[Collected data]
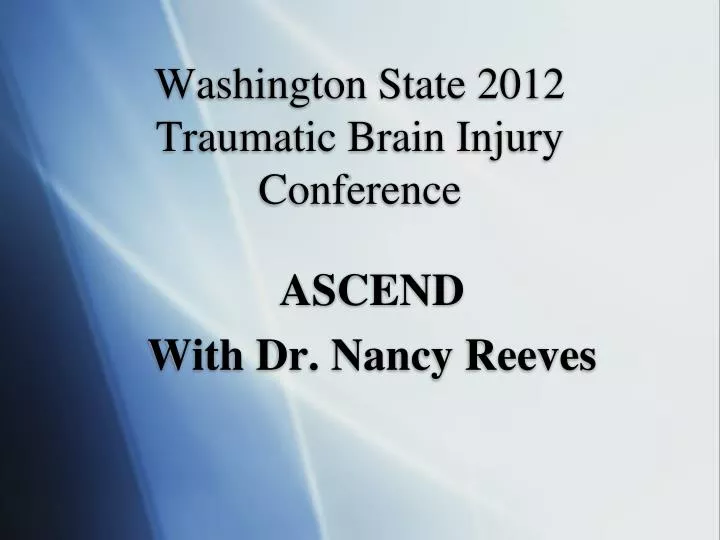 washington state 2012 traumatic brain injury conference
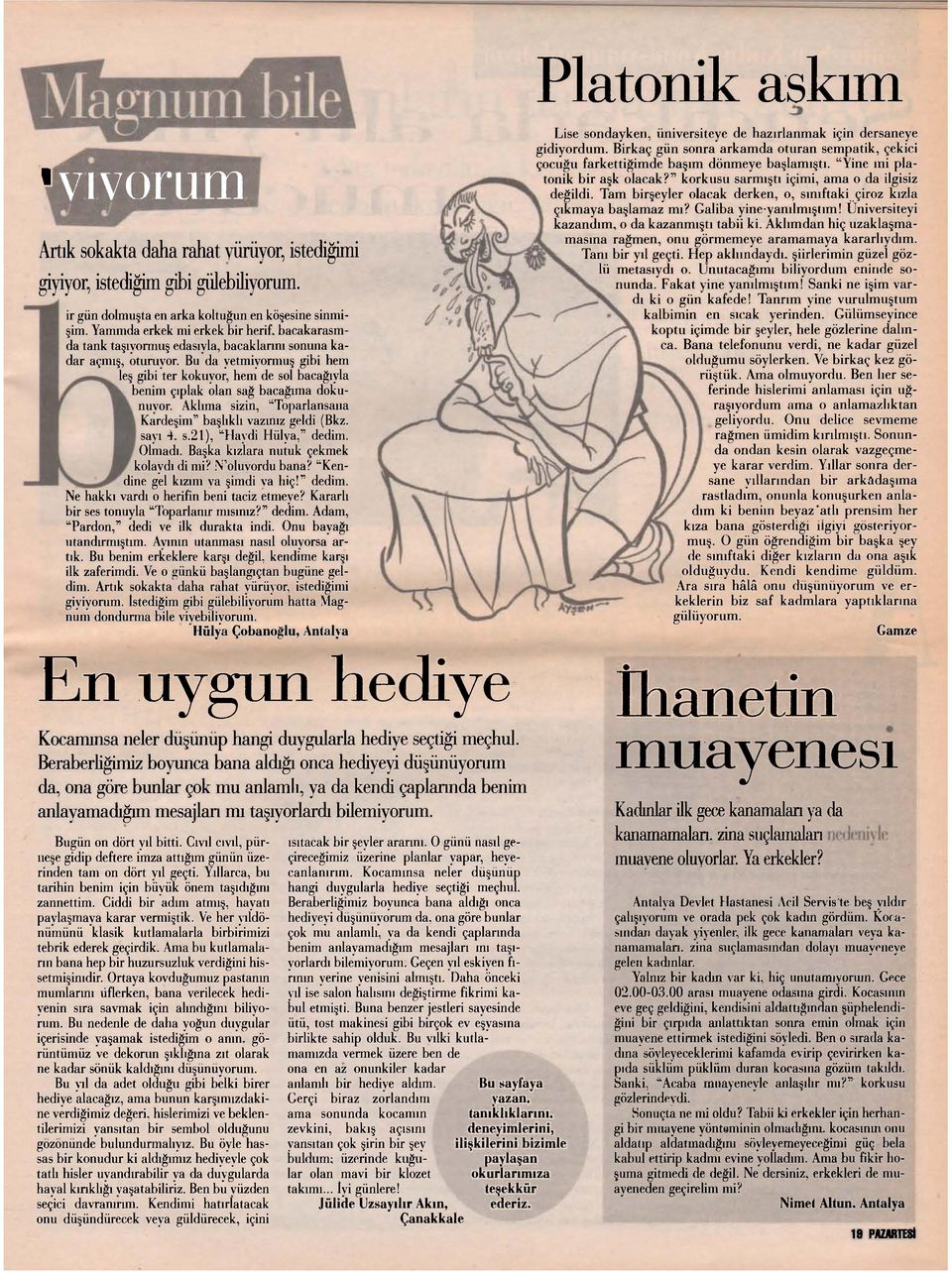 Bu da yetmiyormuş gibi hem leş gibi ter kokuyor, hem de sol bacağıyla benim çıplak olan sağ bacağıma dokunuyor. Aklıma sizin, "Toparlansaııa Kardeşim' 1 başlıklı vazınız geldi (Bkz. sayı 4, s.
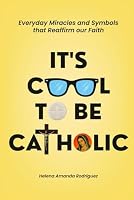 It’s Cool to be Catholic!: Everyday Miracles and Symbols That Reaffirm Our Faith 1807044033 Book Cover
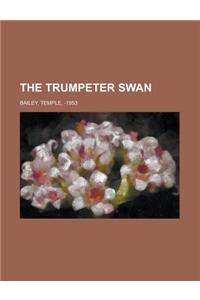 The Trumpeter Swan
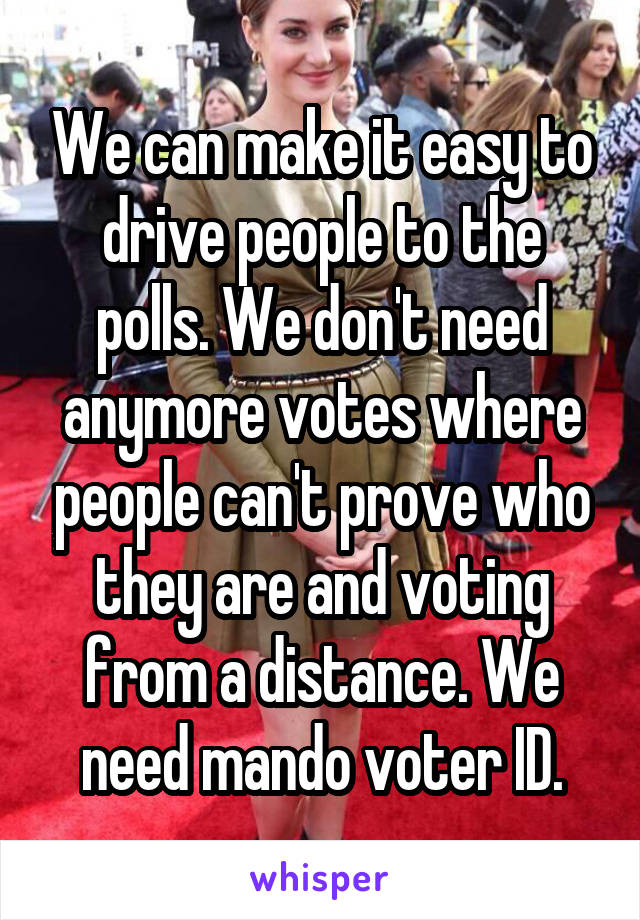 We can make it easy to drive people to the polls. We don't need anymore votes where people can't prove who they are and voting from a distance. We need mando voter ID.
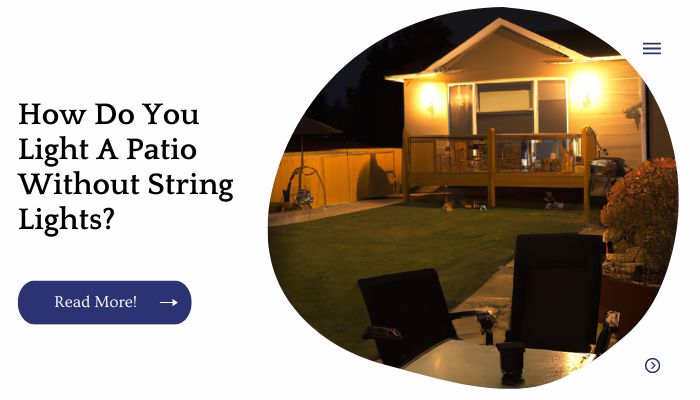 How Do You Light A Patio Without String Lights?
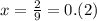 x = \frac{2}{9} = 0.(2)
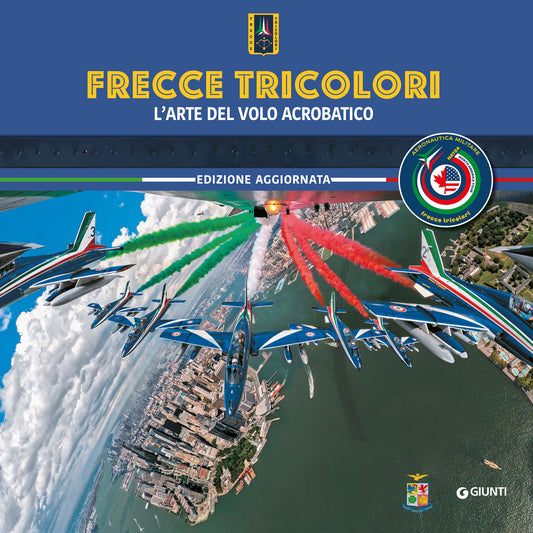 Frecce Tricolori ::L'arte del volo acrobatico - edizione aggiornata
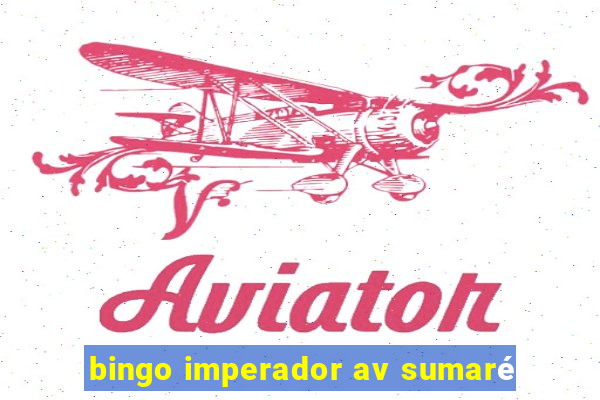 bingo imperador av sumaré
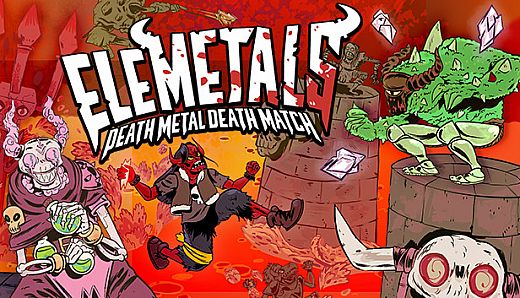 EleMetals: Death Metal Death Match!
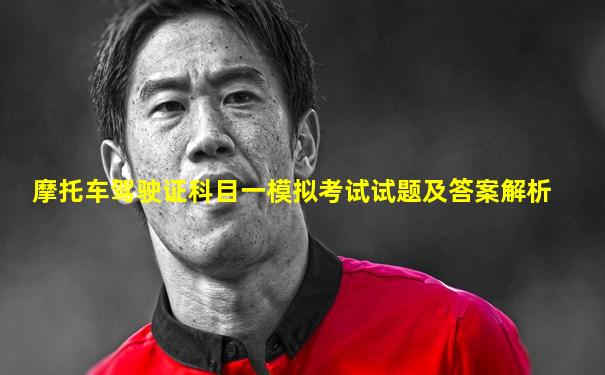 摩托车驾驶证科目一模拟考试试题及答案解析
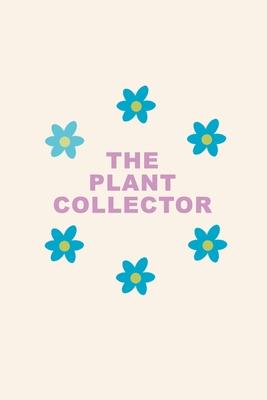 The Plant Collector: Journal/ Notebook to organize your plants. Record every details about your plants, flowers, garden. Gift Idea for Plan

→ **EXERCISE**:
Output the data above exactly, beginning at its first line and ending with the line that holds "摩托车驾驶证科目一模拟考试试题及答案解析". Leave out the pictures and add nothing.

→ **ANSWER TO THIS TASK**:
 washington state 2012 traumatic brain injury conference
 Bu da yetmiyormuş gibi hem leş gibi ter kokuyor, hem de sol bacağıyla benim çıplak olan sağ bacağıma dokunuyor. Aklıma sizin, "Toparlansaııa Kardeşim' 1 başlıklı vazınız geldi (Bkz. sayı 4, s.
 It’s Cool to be Catholic!: Everyday Miracles and Symbols That Reaffirm Our Faith 1807044033 Book Cover
 The Trumpeter Swan
 We can make it easy to drive people to the polls. We don't need anymore votes where people can't prove who they are and voting from a distance. We need mando voter ID.
 How Do You Light A Patio Without String Lights?
 x = \frac{2}{9} = 0.(2)
 Frecce Tricolori ::L'arte del volo acrobatico - edizione aggiornata
 bingo imperador av sumaré
 EleMetals: Death Metal Death Match!
 摩托车驾驶证科目一模拟考试试题及答案解析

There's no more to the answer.